▶ Problem
For the entries below, how many lines contain the word "piscine"? Reply with the number and nothing else.

▶ Data in this exercise
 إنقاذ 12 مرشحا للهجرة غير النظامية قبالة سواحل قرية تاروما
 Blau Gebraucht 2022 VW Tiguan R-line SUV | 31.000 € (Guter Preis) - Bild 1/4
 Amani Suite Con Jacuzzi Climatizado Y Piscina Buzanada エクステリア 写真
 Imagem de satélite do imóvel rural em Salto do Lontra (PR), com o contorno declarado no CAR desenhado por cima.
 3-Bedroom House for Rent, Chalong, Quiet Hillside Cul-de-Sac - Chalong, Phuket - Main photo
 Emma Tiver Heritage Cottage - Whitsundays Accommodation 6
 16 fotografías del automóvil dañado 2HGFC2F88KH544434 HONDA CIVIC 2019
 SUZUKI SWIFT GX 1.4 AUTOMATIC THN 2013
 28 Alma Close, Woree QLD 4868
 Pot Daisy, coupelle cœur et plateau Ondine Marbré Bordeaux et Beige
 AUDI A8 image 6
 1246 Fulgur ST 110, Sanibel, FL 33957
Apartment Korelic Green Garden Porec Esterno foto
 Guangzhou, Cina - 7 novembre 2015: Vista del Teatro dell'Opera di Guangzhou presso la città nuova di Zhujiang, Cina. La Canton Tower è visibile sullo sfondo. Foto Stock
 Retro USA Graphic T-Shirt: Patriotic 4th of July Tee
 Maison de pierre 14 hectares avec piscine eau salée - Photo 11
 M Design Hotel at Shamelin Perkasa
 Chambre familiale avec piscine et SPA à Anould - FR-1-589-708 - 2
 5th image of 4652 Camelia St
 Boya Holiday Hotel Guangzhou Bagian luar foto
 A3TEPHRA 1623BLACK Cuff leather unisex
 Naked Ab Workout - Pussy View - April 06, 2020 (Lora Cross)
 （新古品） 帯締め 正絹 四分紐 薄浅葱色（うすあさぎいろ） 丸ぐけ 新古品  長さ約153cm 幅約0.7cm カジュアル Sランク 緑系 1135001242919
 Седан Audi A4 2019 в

▶ Problem solution
2